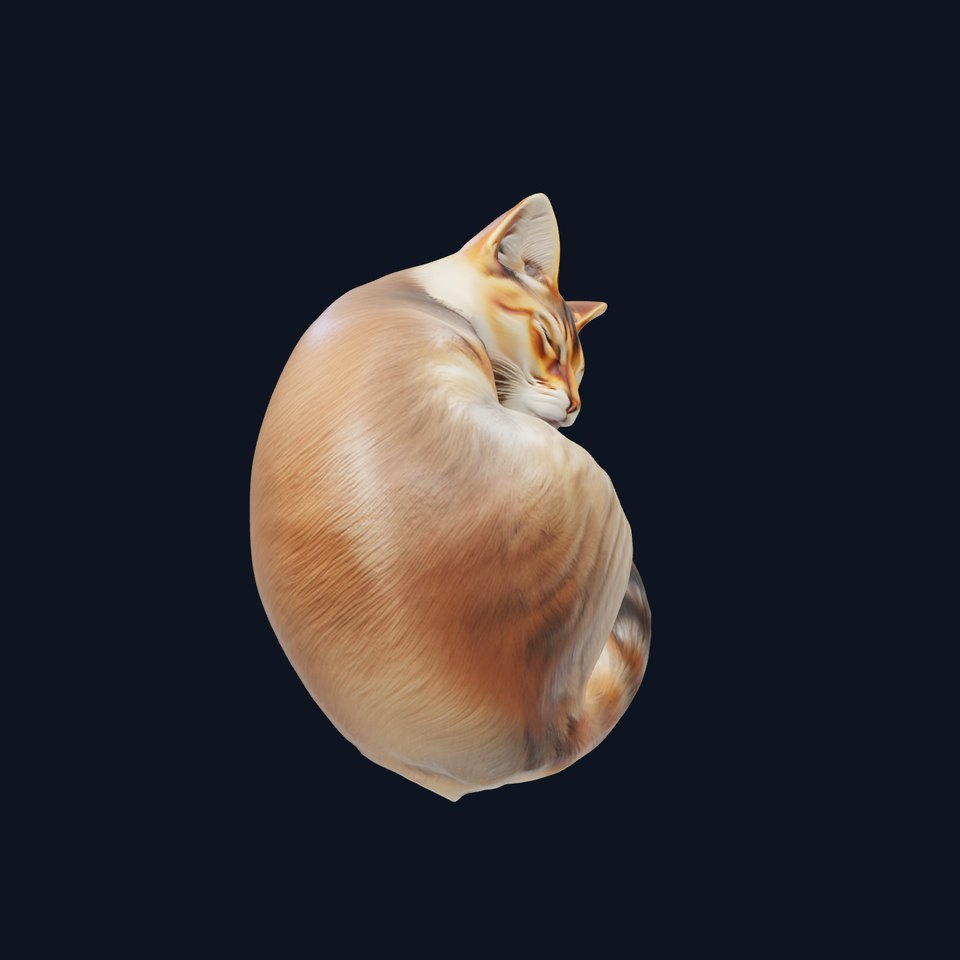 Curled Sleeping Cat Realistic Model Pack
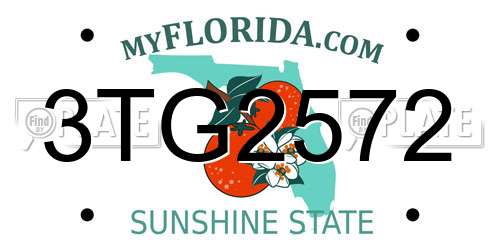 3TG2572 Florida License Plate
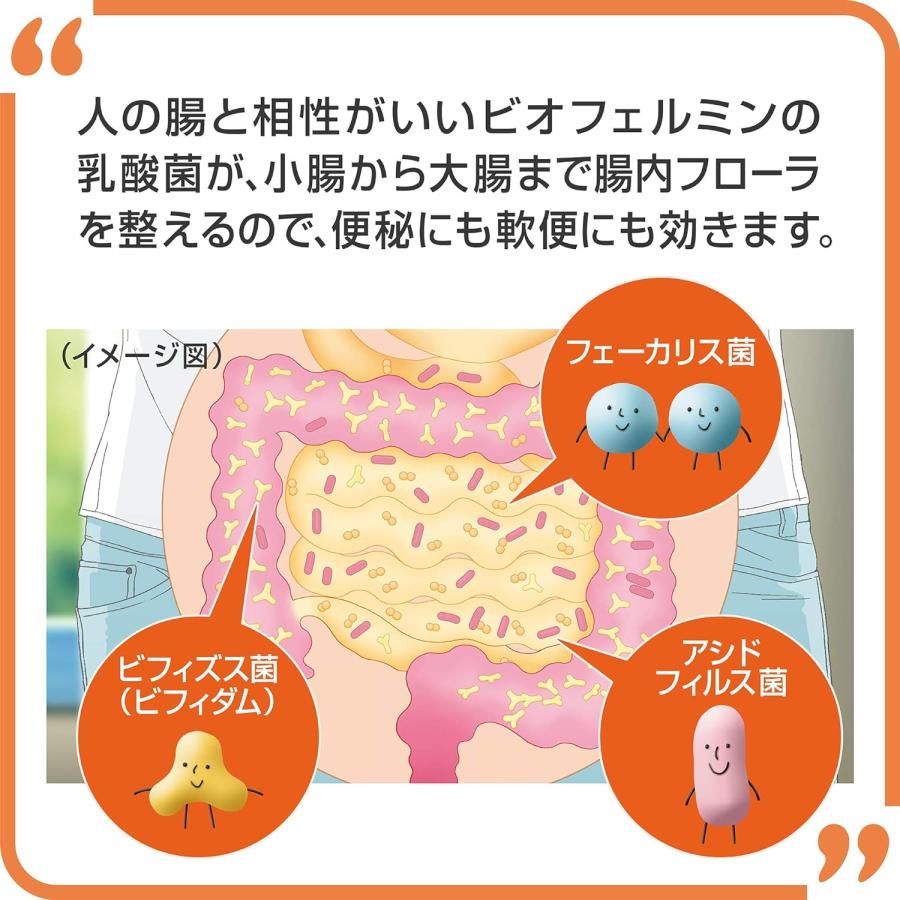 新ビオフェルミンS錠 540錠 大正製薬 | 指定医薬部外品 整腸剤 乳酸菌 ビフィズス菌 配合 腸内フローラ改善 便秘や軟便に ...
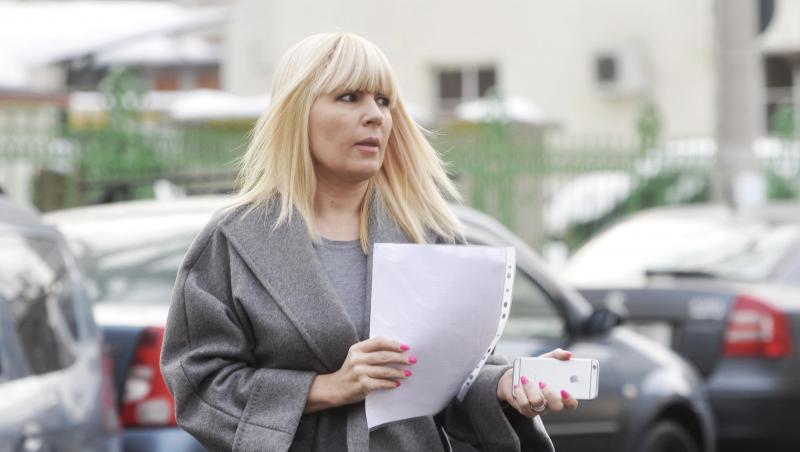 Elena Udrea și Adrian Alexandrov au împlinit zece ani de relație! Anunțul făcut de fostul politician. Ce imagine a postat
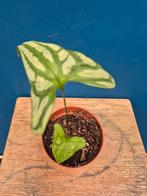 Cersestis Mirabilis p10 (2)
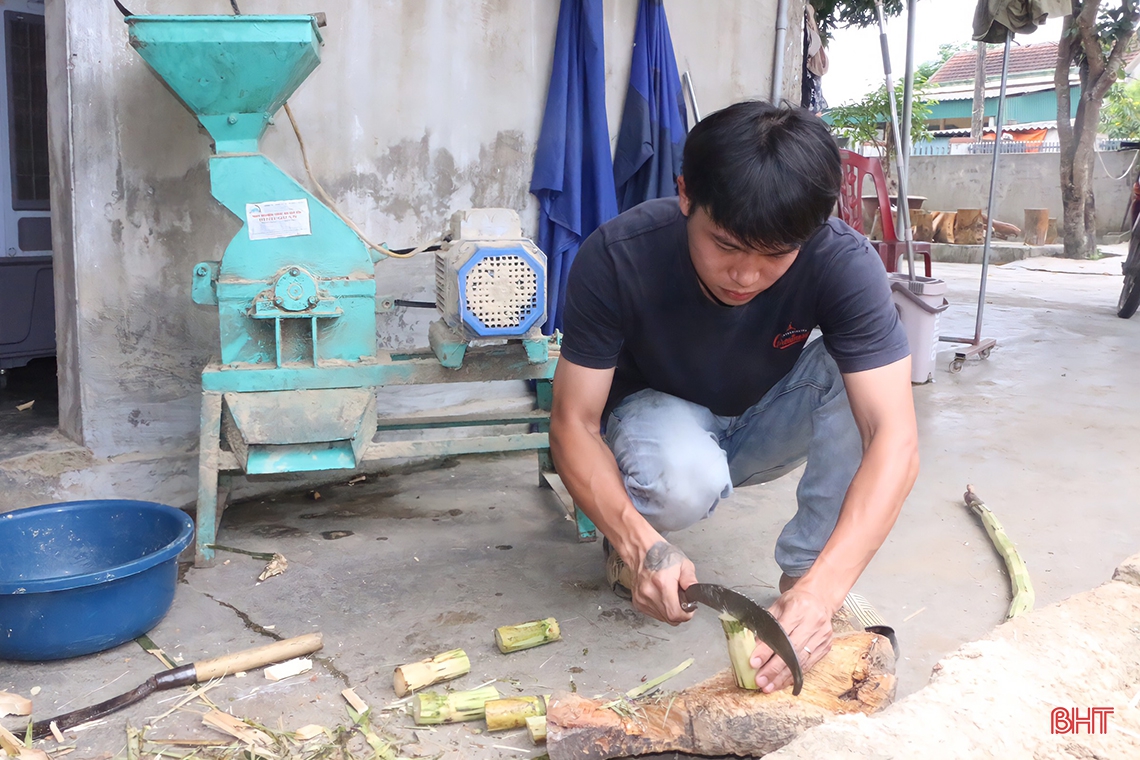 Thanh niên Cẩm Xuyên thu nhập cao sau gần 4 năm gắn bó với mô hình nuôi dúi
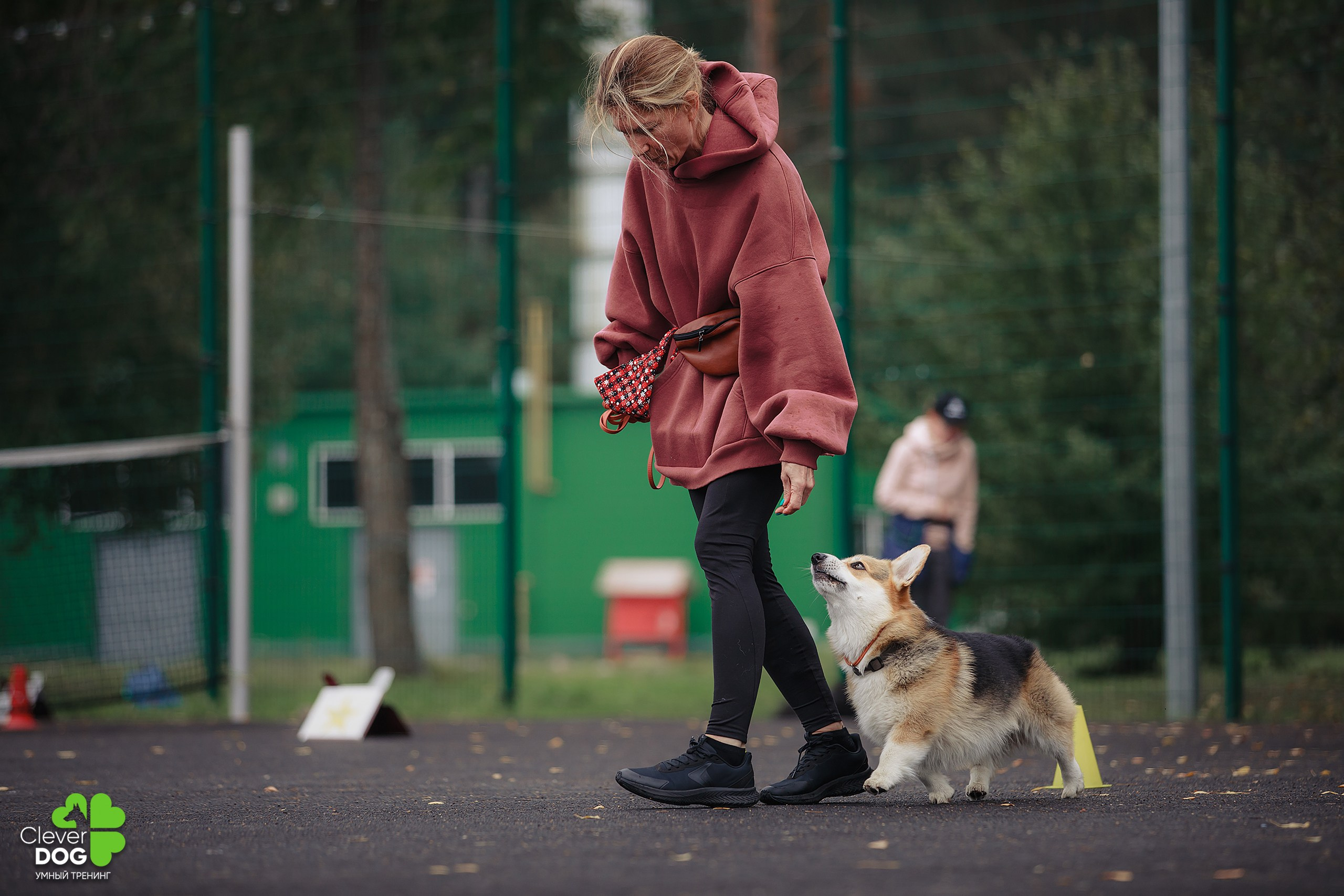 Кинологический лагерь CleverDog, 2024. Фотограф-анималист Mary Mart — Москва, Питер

--------------------------------------------------

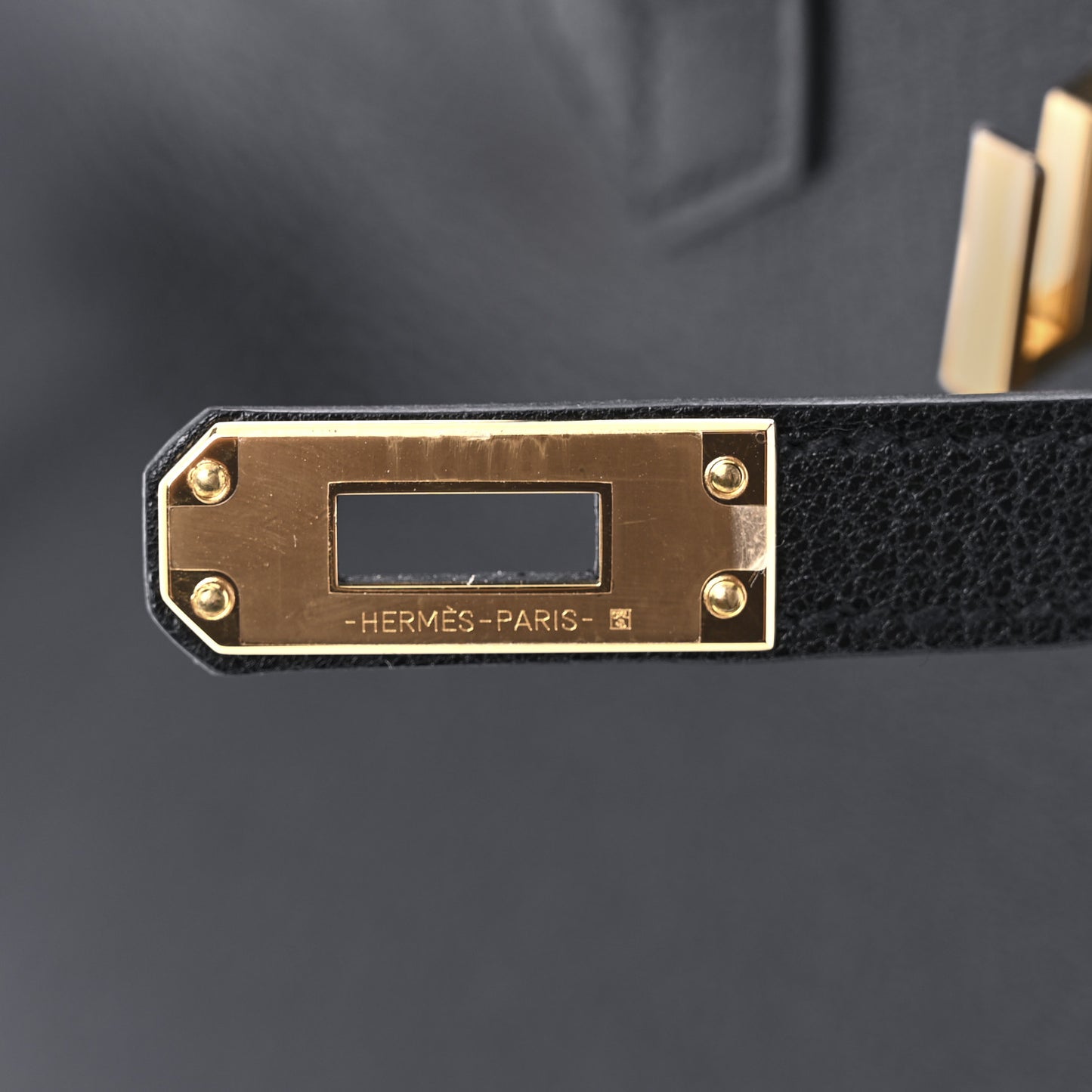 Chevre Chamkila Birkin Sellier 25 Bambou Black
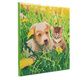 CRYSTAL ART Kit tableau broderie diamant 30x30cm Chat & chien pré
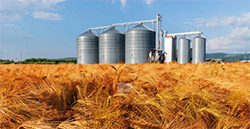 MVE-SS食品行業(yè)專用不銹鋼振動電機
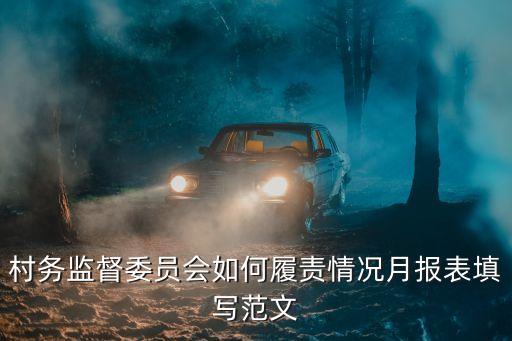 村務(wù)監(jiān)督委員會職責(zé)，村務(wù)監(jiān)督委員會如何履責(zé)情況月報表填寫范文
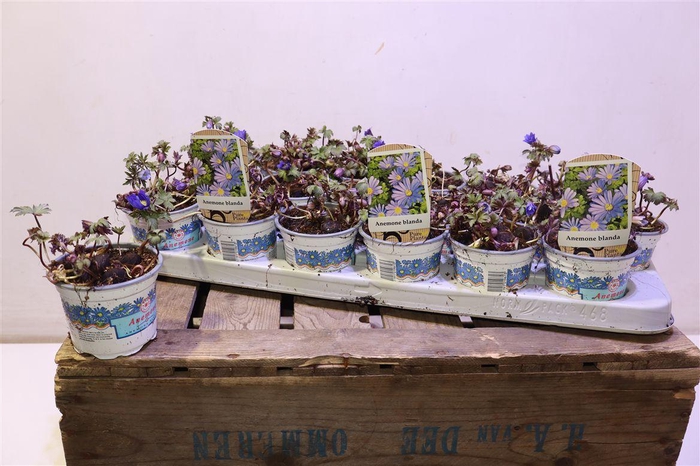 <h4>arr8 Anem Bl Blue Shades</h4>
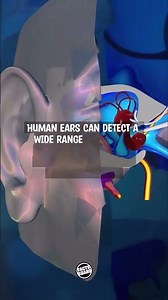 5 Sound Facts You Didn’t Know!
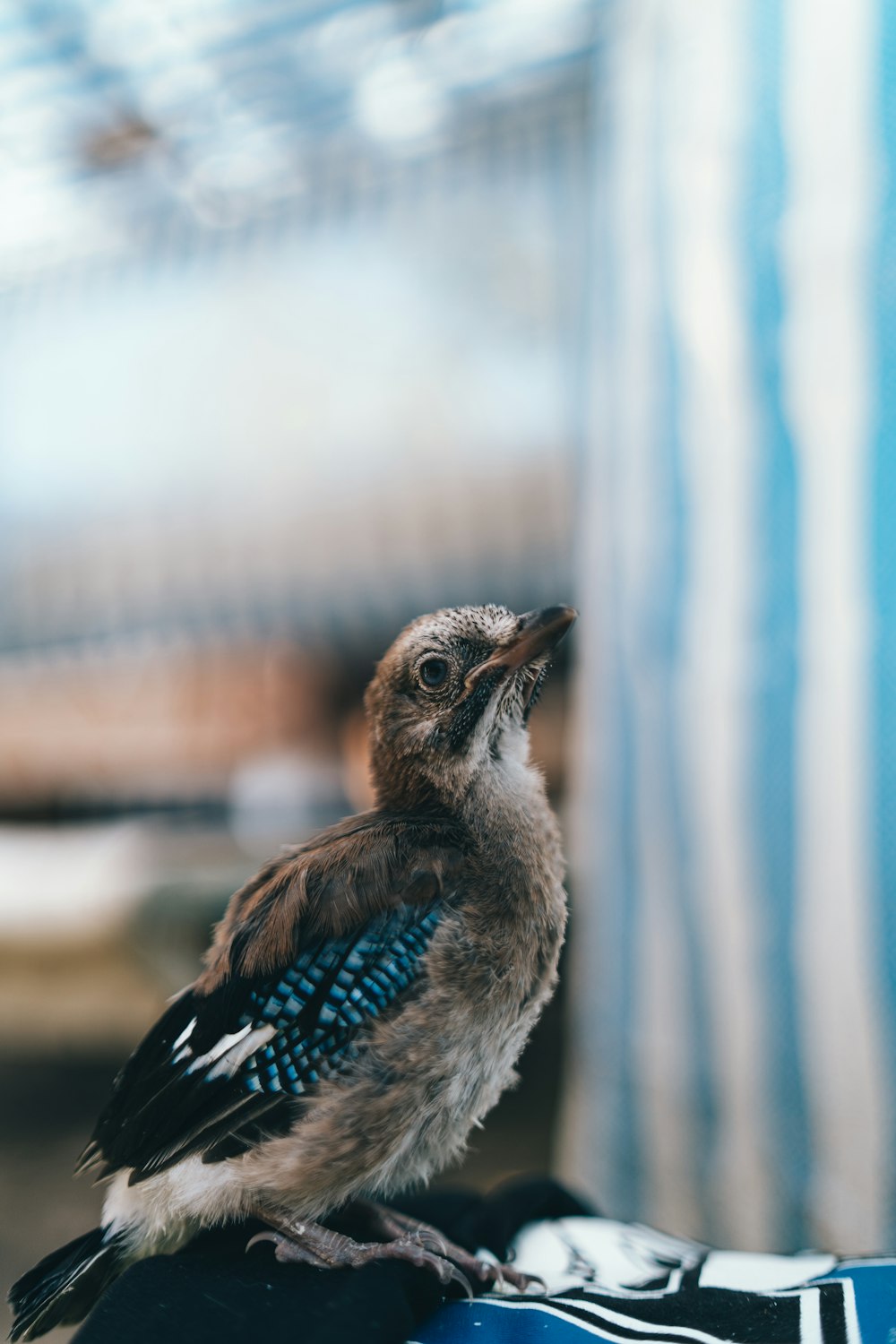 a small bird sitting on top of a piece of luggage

--------------------------------------------------

Exact copy, no pictures. Write out the lines in the entries above, starting with the line with "Cersestis Mirabilis p10 (2)" and going on through the line with "Кинологический лагерь CleverDog, 2024.", keeping both.

 Cersestis Mirabilis p10 (2)
 Thanh niên Cẩm Xuyên thu nhập cao sau gần 4 năm gắn bó với mô hình nuôi dúi
 Кинологический лагерь CleverDog, 2024. Фотограф-анималист Mary Mart — Москва, Питер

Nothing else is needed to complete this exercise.